Strategy 4: Managing environment-specific branches

Another strategy is to maintain environment specific branches. An example of this strategy is described in “ENV Branching with Git.”

In this branching model, feature branches are used in combination with environment specific branches. An example of how code might flow through this model is:

  • Developers Lexi and Freyja commit database changes to a branch FeatureWidget, perhaps working first in individual sandbox environments where they have their own copy of the database. When working in this feature branch, each of them uses temporary branches off of FeatureWidget to draft work, and regularly merge their changes back into FeatureWidget to collaborate. 
  • When ready, FeatureWidget is merged to the Integration environment branch with a Pull Request. The Pull Request process includes an automated build and deployment of the database for initial validation, then when approved automation deploys the changes from FeatureWidget to the Integration environment database.
  • Important note: the FeatureWidget branch is not deleted at this time, as it will continue to be used
  • When this feature is ready to proceed to the QA environment, the FeatureWidget branch is merged to that environment via a Pull Request
  • If changes need to be made to this feature, changes are made to the FeatureWidget branch (perhaps by using temporary branches and Pull Requests) and Pull Requests are used to re-deploy this code to all branches and related database environments where it has been deployed. (Note: this may require you to make a plan to remove a deployment/reset a lower database environment, depending on your tooling choices. More on this in the example below.)

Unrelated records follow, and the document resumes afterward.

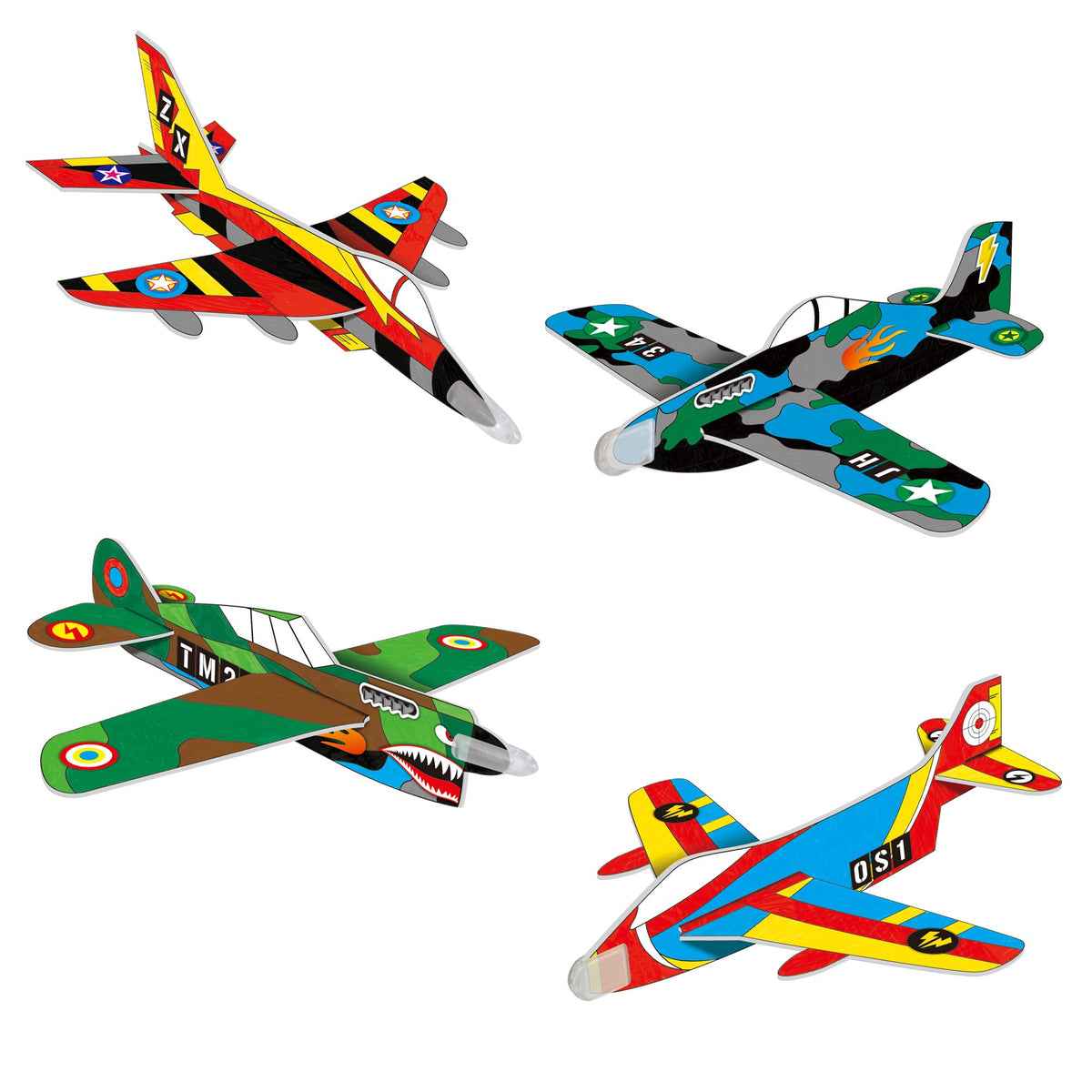 Glider airplane toy on sale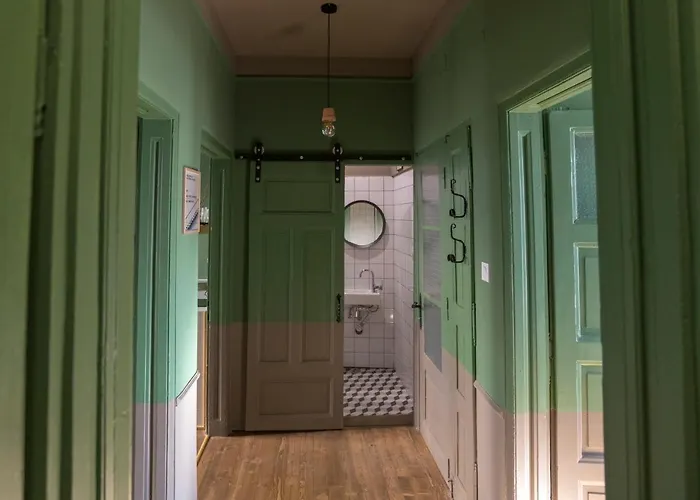 Apartamento Beautiful Location Mouse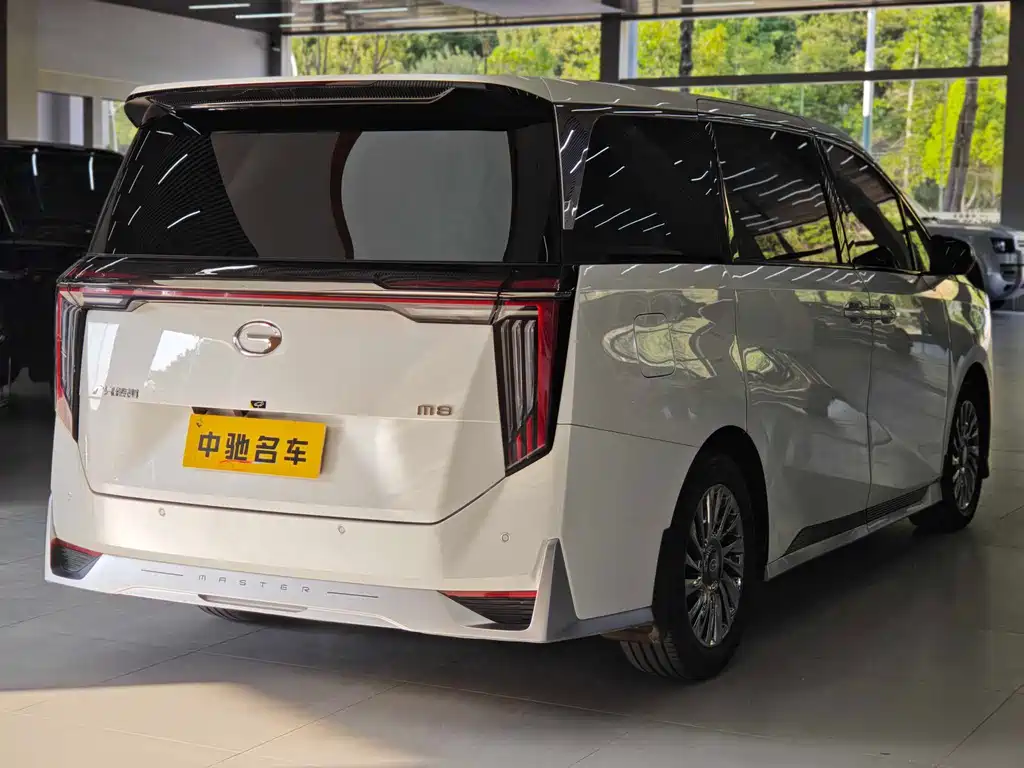 GAC Motor Trumpchi M8 2025 — фото 16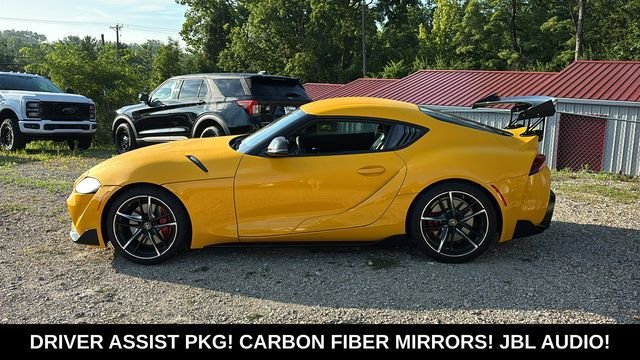 Used 2020 Toyota Supra Premium w/ Driver Assist Package RWD image 4
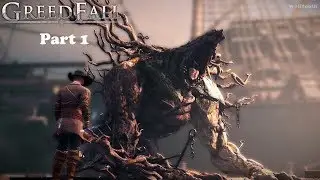 GreedFall - Gameplay Walkthrough Part 1 / Open World RPG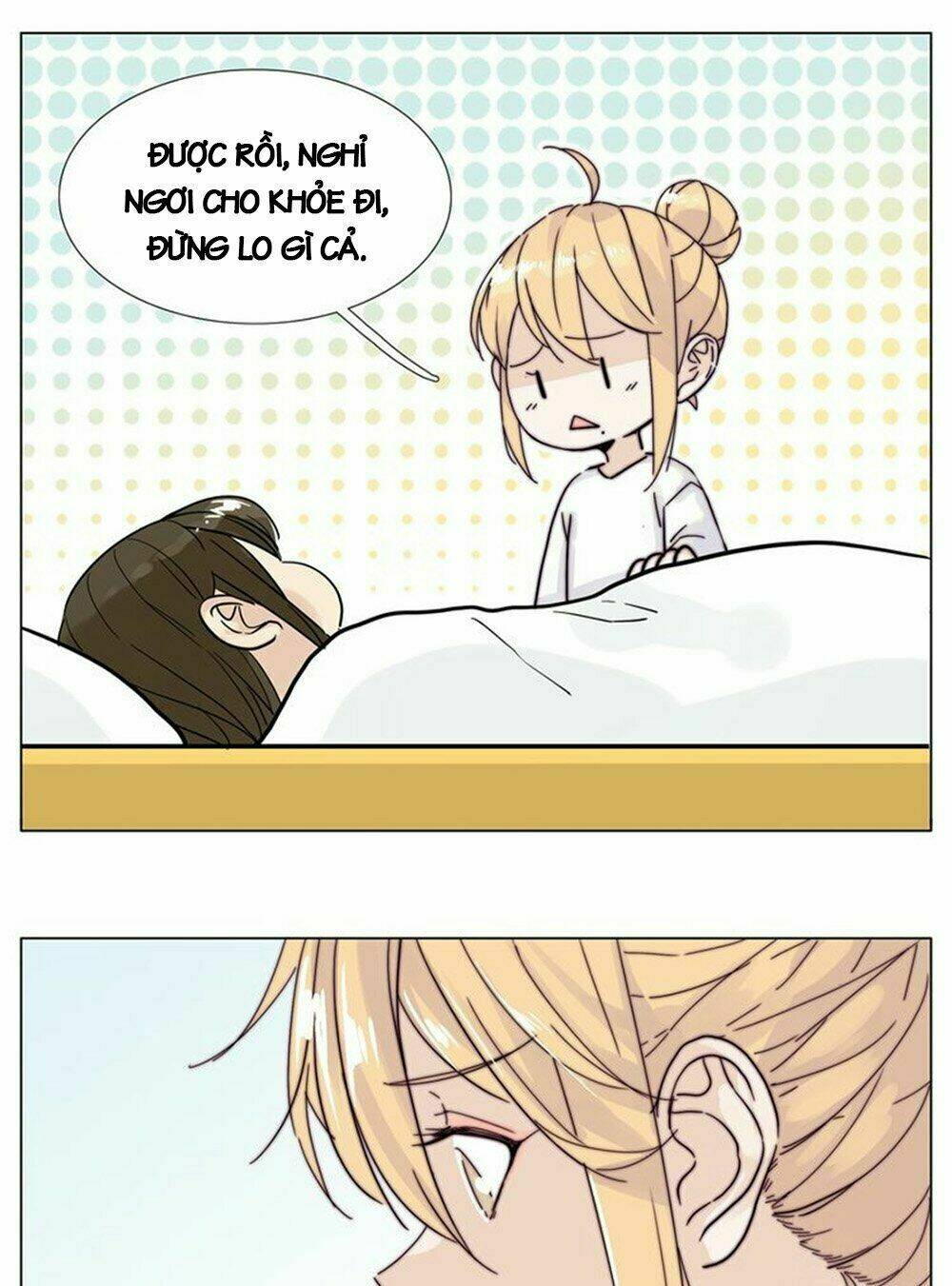 Tình Yêu Chớp Nhoáng: Chapter 76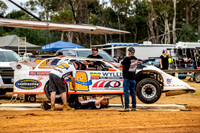 Late Model 22 T22 - 18 - Carrick - 8-9 March 2024-11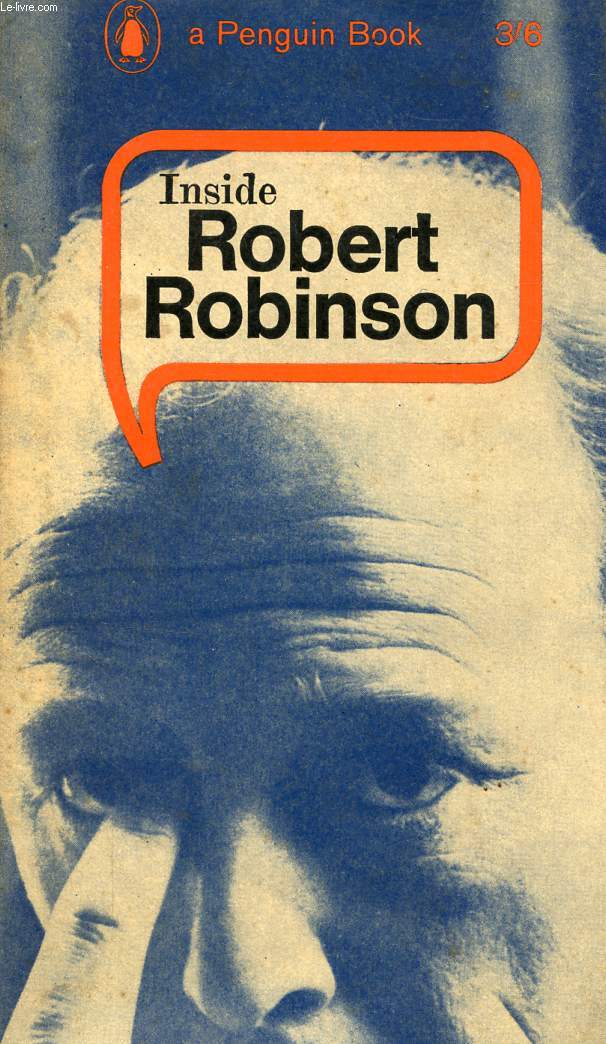 INSIDE ROBERT ROBINSON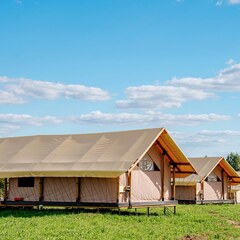 Глэмпинг Носороги, Тверская область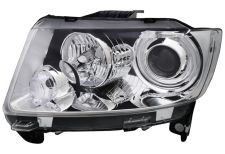 Faro delantero Jeep Grand Cherokee 2010-2013 izquierdo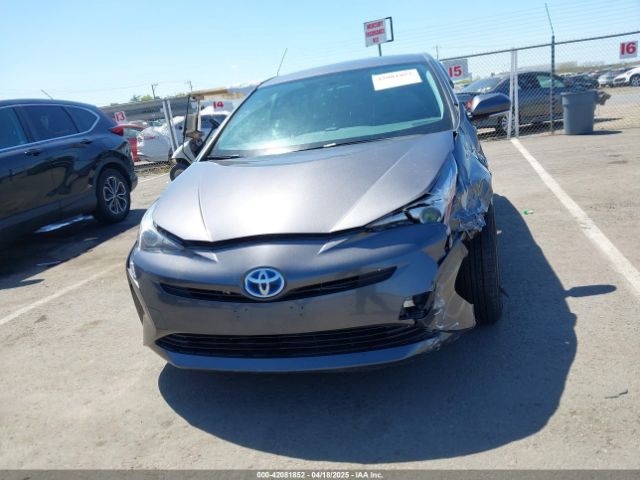 JTDKBRFU1G3521884 Toyota Prius Two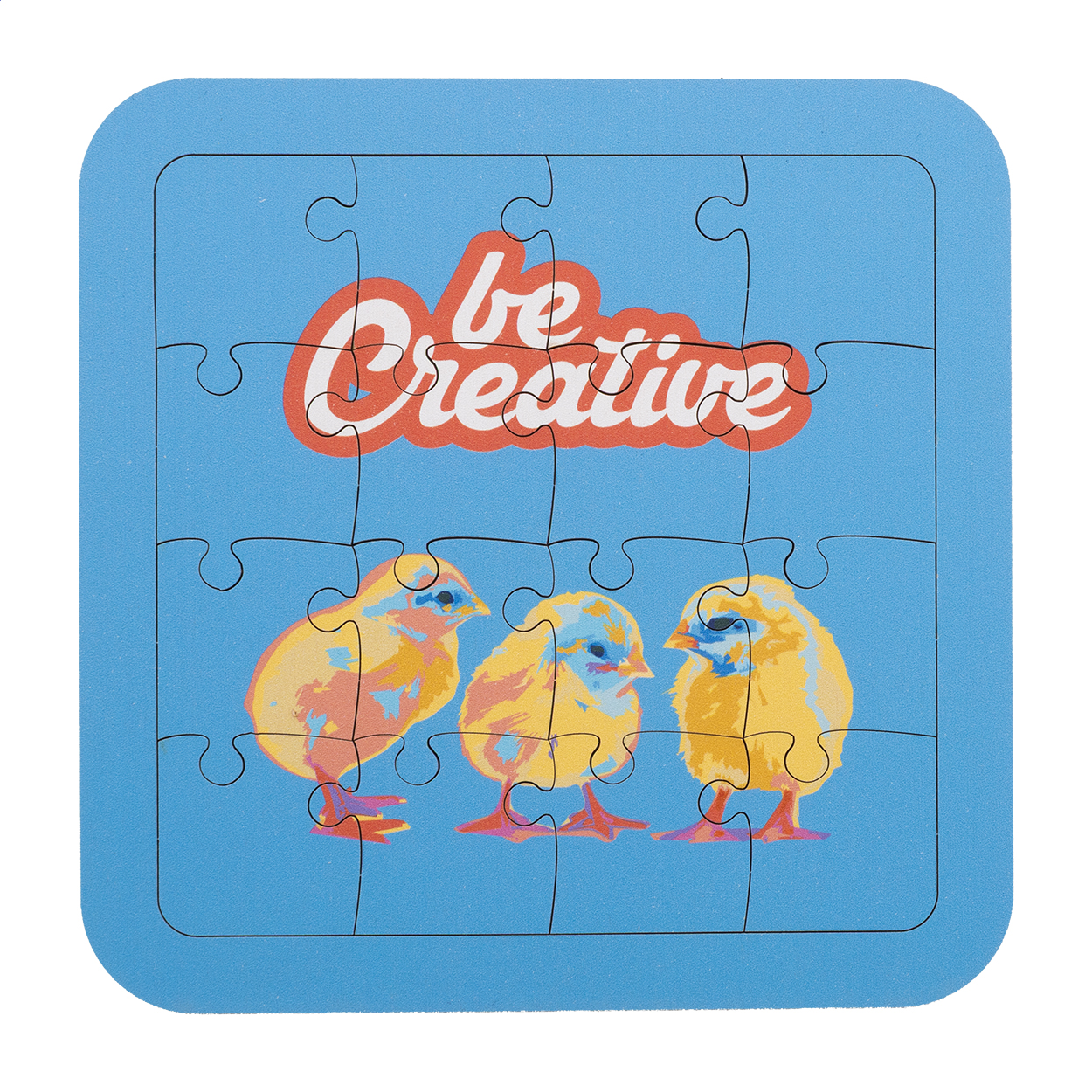 Wozzle Puzzle in legno personalizzabile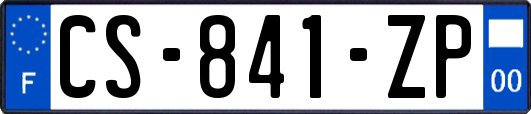 CS-841-ZP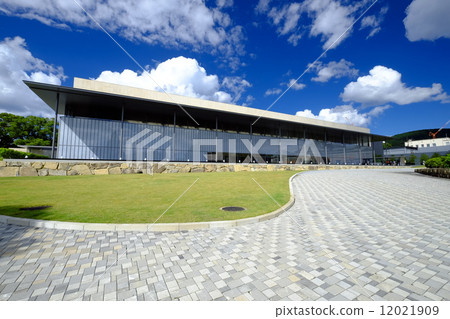 Kyoto National Museum Heisei intellectual property building 12021909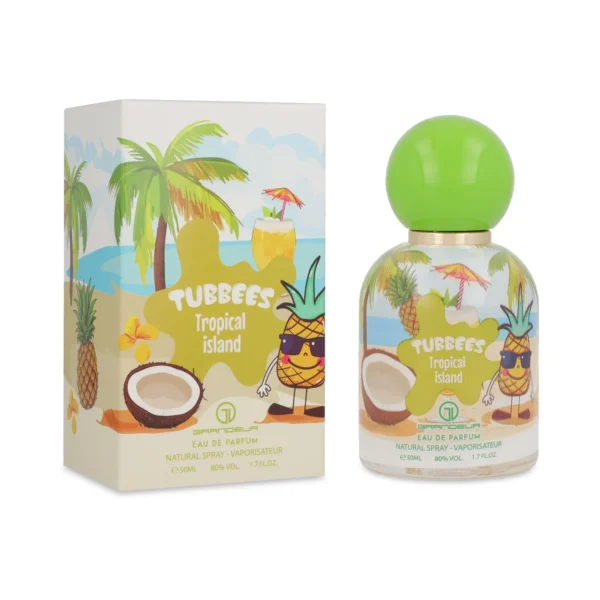 Grandeur Tubbees Tropical Island EDP 50 ml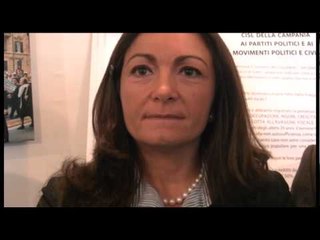 Napoli - Cisl Pensionati denunciano stato sociale in cui vivono (08.01.12)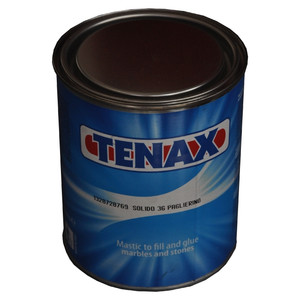 Tenax Mastic to Fill and Glue Marbles and Stones 1kg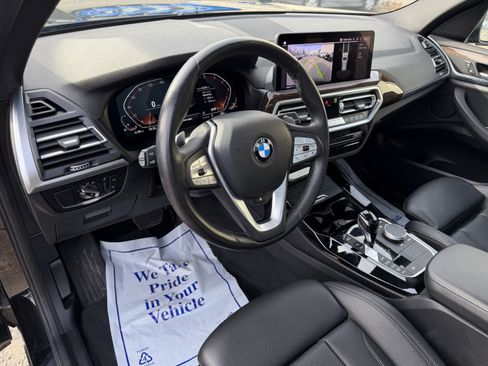 Used 2023 BMW X3 xDrive30i w/ Premium Package image 14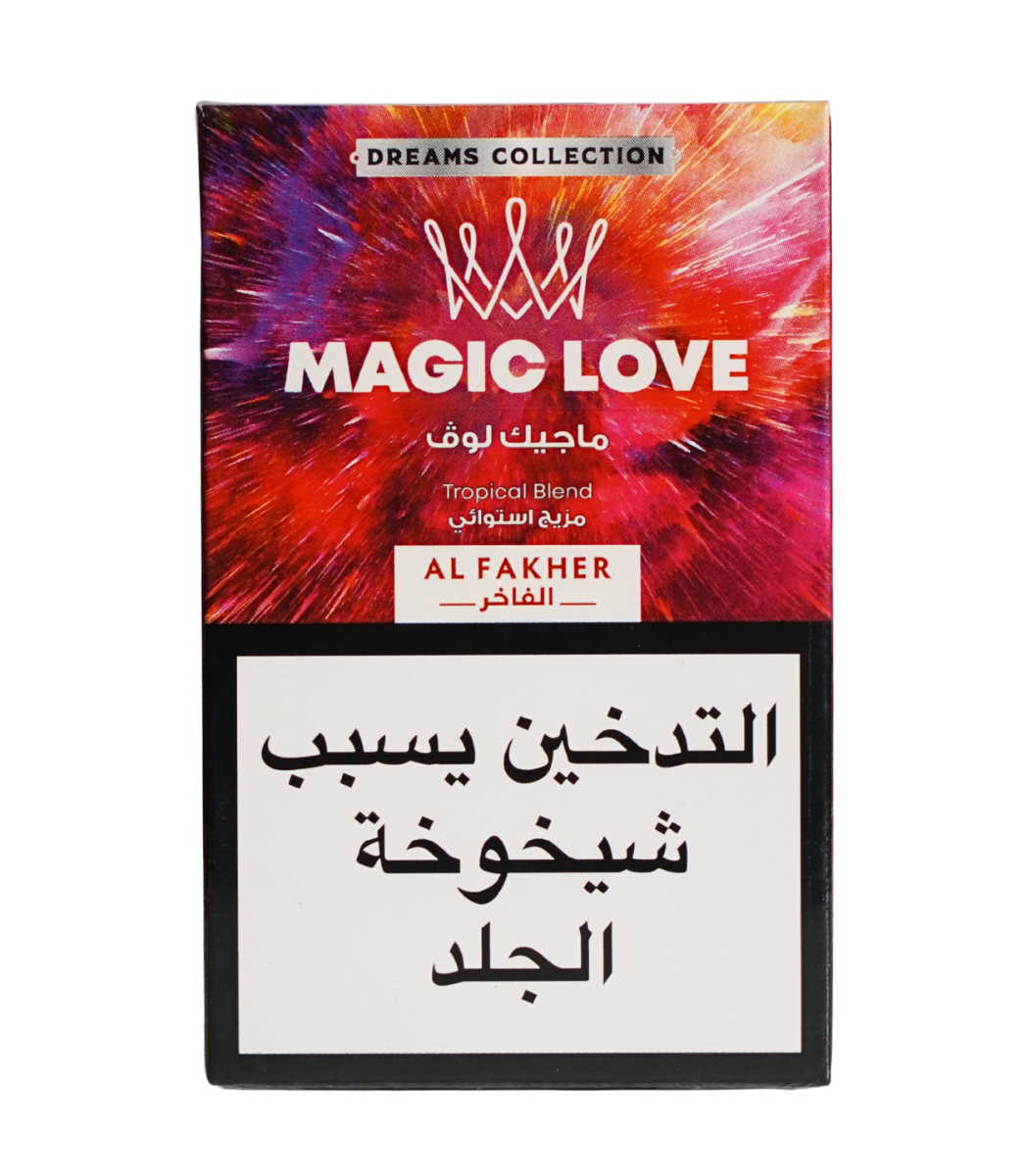 Al Fakher magic love 50g hookah tobacco Lebanon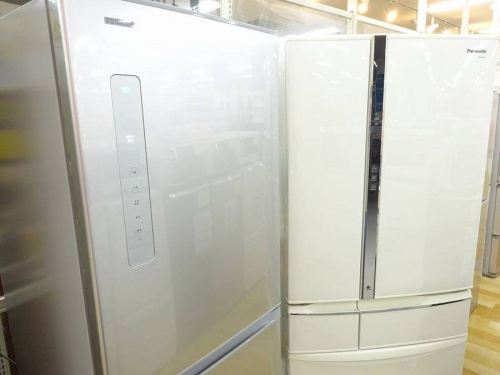 生活家電・家事家電の冷蔵庫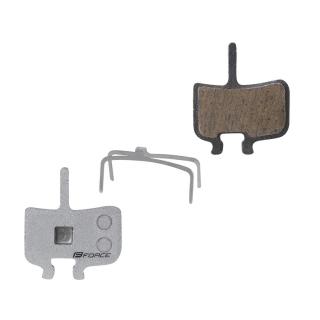 Placute frana Force AVID Juicy Al cu arc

Although this model may sound simple at first, complexities creep in when you begin to look closely at the challenge of maintaining database state. While this model works well for some teams, it is not a “simple trick” to solving this problem by itself. Both the Expand/Contract model and the ability to provision databases on demand help keep this model simple.

Environment Specific Branches
Pros Cons
Enables database code to be stored in version control, built, and tested, while selectively identifying code that is ready to deploy If changes are reordered after they reach “upper” environments late in the pipeline, resetting environments is still needed if you want your deployments to simulate what the later production deployment will be like (this means that the ability to have database environments provisioned on-demand is still desirable).
Does not require release branches to be used Requires maintaining branches for each environment
  Scoping is important: splitting apart or reordering the changes inside an individual feature branch adds complexity. (Dividing changes into small slices in a way similar to the Expand/Contract model mitigates this risk.)
  If you decide to cancel deployment of a feature branch altogether, you need to remove the code from “lower” environment branches as well as have a method of removing the code from the database or resetting the environment and redeploying to it.

A Tool-Specific Example – Redgate’s SQL Change Automation

While it’s really valuable to consider the strategies listed above, how changes flow through your pipelines will also vary based on the tools you’re using to version control your database code.

Our forum question is about Redgate’s SQL Change Automation, so I’ll dig into that here. If you are using a different tool, it’s quite likely that some of these considerations will still apply (particularly #3 and #4), so it may still be worth your while to think through these in the context of your tooling.

1. Group your versioned migration scripts in folders per deployment (or at a more granular level)

When setting up your SQL Change Automation project, one key thing to consider is whether or not you’d like to use folders to separate your migration scripts. Folders are extremely helpful in separating migration scripts into individual groups, which can make your life much easier when planning and managing deployments.

If you need to re-order a deployment and you have captured all the scripts for that deployment in a folder, it is much more intuitive to manage order changes by removing or renaming folders.

Note that a folder can hold either other folders OR it may hold scripts.

This means you can use subfolders, which is very convenient! You simply cannot combine scripts and folders at the same folder level. 

2. Do you prefer to disable “programmable objects” so that all changes for a deployment are in a single folder?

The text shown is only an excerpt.